◆ **About this task**: Exact copies of all the lines below are needed, without the pictures.

BEGIN Source material

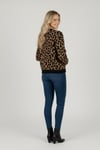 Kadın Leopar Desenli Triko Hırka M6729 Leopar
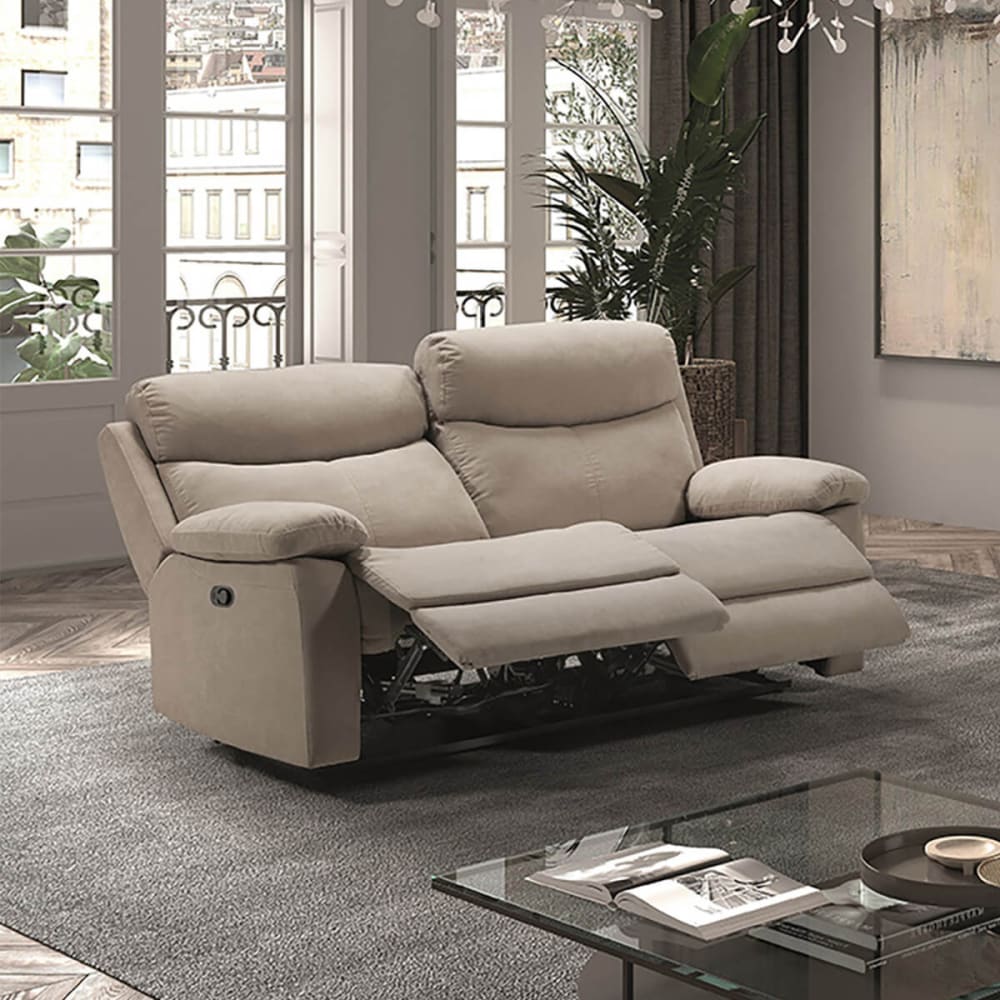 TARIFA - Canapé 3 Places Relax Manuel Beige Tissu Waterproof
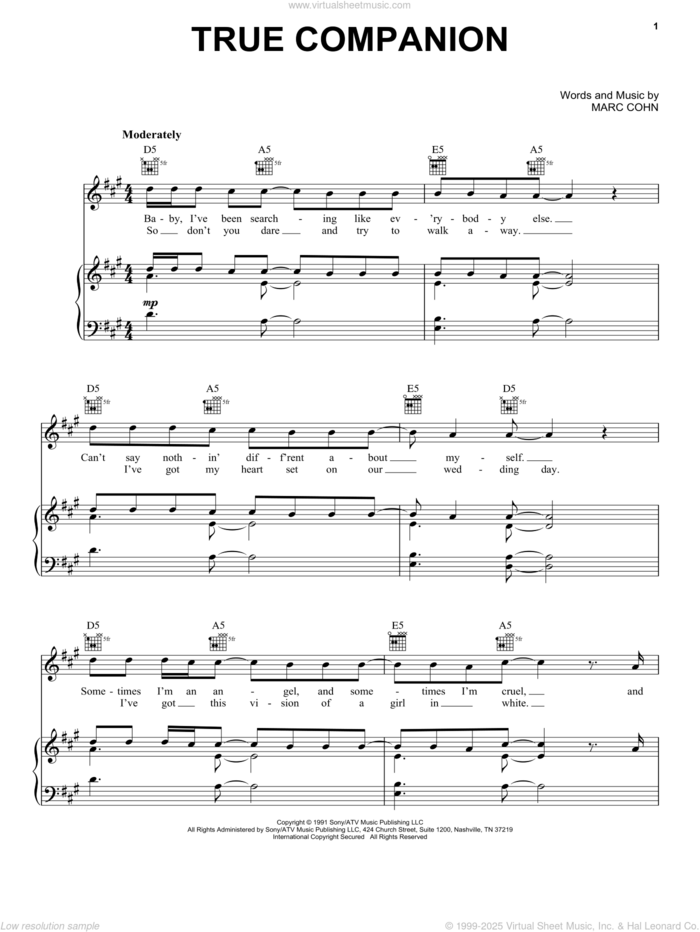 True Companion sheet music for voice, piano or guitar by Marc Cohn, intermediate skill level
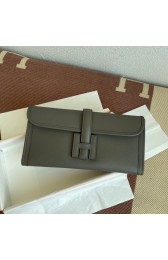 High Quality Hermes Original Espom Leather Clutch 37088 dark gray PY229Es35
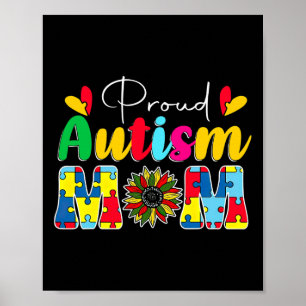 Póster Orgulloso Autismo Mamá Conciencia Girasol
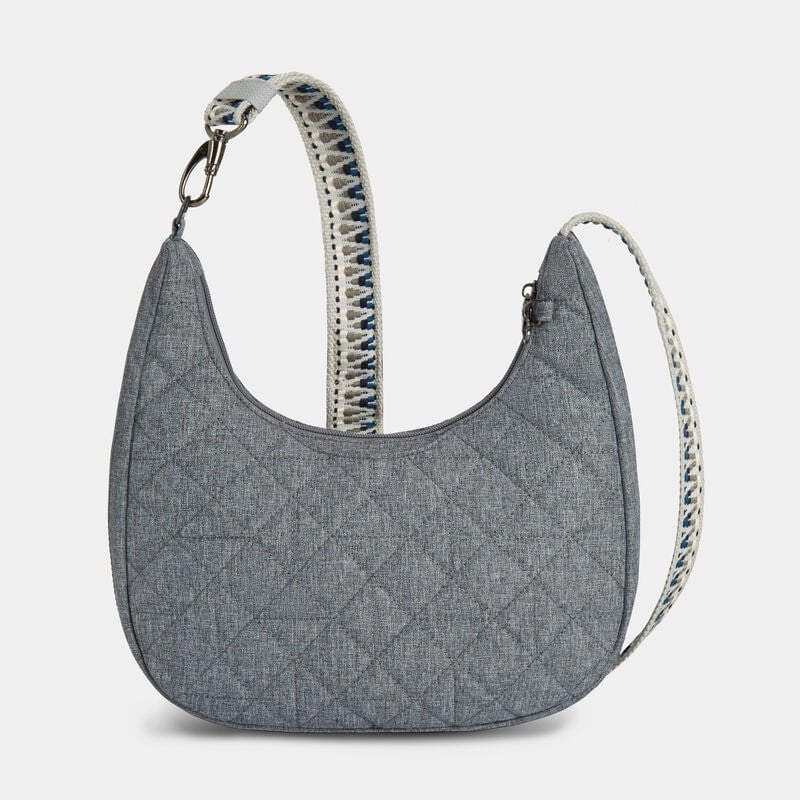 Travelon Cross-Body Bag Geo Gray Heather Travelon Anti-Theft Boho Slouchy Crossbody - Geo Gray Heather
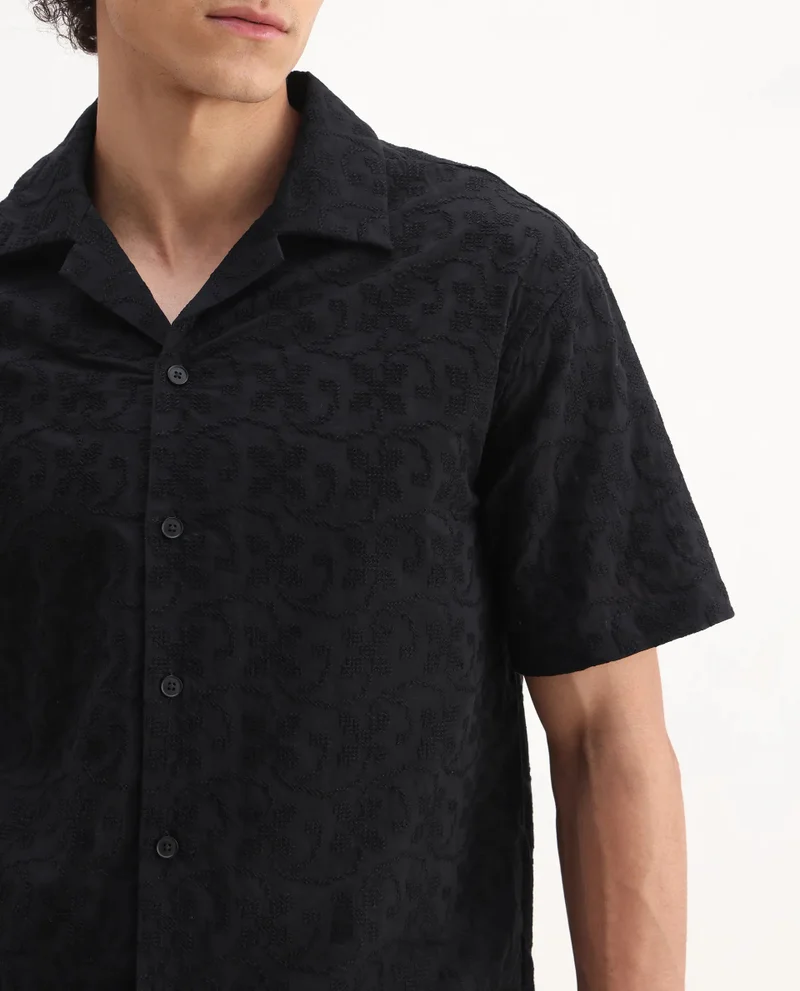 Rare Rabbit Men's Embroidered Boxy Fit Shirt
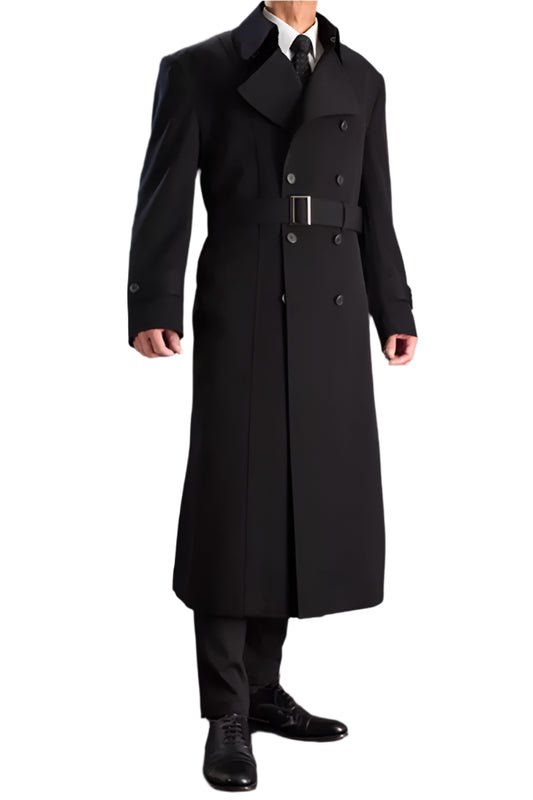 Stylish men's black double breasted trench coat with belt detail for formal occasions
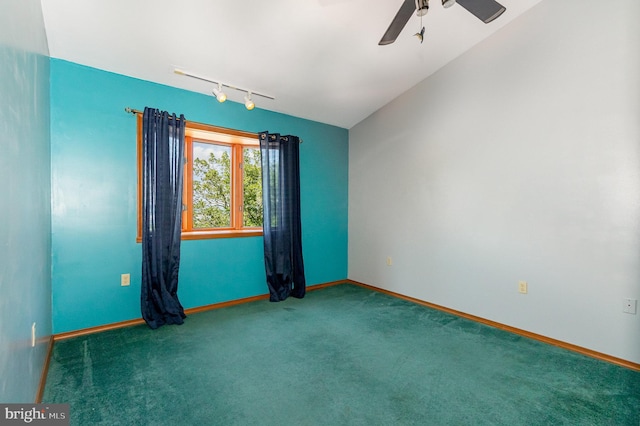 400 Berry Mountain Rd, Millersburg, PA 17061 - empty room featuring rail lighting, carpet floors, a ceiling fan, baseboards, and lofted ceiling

END Source material

◆ **Answer to this problem**:
 Kadın Leopar Desenli Triko Hırka M6729 Leopar
 TARIFA - Canapé 3 Places Relax Manuel Beige Tissu Waterproof
 True Companion sheet music for voice, piano or guitar by Marc Cohn, intermediate skill level
 High Quality Hermes Original Espom Leather Clutch 37088 dark gray PY229Es35
 Póster Orgulloso Autismo Mamá Conciencia Girasol
 Travelon Cross-Body Bag Geo Gray Heather Travelon Anti-Theft Boho Slouchy Crossbody - Geo Gray Heather
 Rare Rabbit Men's Embroidered Boxy Fit Shirt
 Stylish men's black double breasted trench coat with belt detail for formal occasions
 400 Berry Mountain Rd, Millersburg, PA 17061 - empty room featuring rail lighting, carpet floors, a ceiling fan, baseboards, and lofted ceiling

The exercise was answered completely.